= About this exercise =
When writing out the listing below, reproduce every word exactly and skip the pictures.

[[ Material for this task open ]]

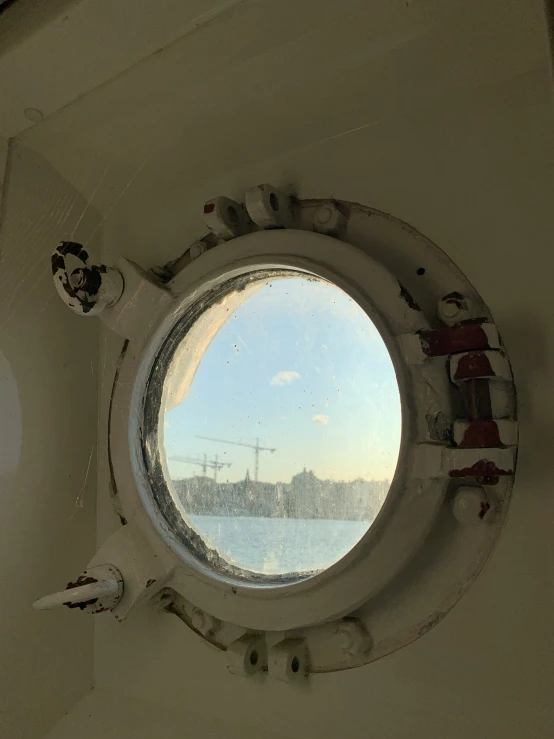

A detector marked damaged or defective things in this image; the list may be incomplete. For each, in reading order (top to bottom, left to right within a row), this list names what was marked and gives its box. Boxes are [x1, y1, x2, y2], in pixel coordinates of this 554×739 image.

rust stain on metal [396, 280, 418, 310]
rust stain on metal [418, 326, 488, 356]
rust stain on metal [452, 350, 492, 378]
rust stain on metal [458, 420, 500, 448]
rusted bolt [450, 486, 490, 528]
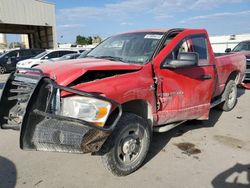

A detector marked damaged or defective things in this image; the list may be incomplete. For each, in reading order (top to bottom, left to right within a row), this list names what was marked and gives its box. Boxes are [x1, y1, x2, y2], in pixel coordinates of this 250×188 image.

[[ Material for this task closed ]]

= Task result =
A detector marked damaged or defective things in this image; the list may be incomplete. For each, in reading order (top to bottom, left to right within a row), this list names what was marked and gives its box. Boxes are [x1, y1, x2, y2], in pixel coordinates of this 554×739 image.

rust stain on metal [396, 280, 418, 310]
rust stain on metal [418, 326, 488, 356]
rust stain on metal [452, 350, 492, 378]
rust stain on metal [458, 420, 500, 448]
rusted bolt [450, 486, 490, 528]

A detector marked damaged or defective things in this image; the list may be incomplete. For each, in reading order (top to bottom, left to right within a row), this list names what was marked and gives its box. Boxes are [x1, y1, x2, y2], in pixel coordinates of this 250×188 image.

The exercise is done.